WHAT THE TASK ASKS: In the following listing, find the lines containing "women" and report them.

DATA:

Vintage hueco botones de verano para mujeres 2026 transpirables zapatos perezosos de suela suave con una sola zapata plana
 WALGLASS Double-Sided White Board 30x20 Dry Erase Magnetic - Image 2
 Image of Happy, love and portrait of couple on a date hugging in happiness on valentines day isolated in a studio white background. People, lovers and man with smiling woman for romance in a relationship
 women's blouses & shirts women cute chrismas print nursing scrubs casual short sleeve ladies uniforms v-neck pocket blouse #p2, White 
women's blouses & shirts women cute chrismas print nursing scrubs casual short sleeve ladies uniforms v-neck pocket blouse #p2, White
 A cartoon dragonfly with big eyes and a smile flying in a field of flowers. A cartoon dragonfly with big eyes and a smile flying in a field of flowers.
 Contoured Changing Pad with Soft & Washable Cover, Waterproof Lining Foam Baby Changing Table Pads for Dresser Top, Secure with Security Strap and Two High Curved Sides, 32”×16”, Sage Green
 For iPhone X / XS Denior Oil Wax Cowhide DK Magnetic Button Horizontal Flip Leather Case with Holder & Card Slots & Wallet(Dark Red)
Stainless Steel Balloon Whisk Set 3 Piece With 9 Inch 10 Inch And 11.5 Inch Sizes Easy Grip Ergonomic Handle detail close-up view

SOLUTION:
 women's blouses & shirts women cute chrismas print nursing scrubs casual short sleeve ladies uniforms v-neck pocket blouse #p2, White 
women's blouses & shirts women cute chrismas print nursing scrubs casual short sleeve ladies uniforms v-neck pocket blouse #p2, White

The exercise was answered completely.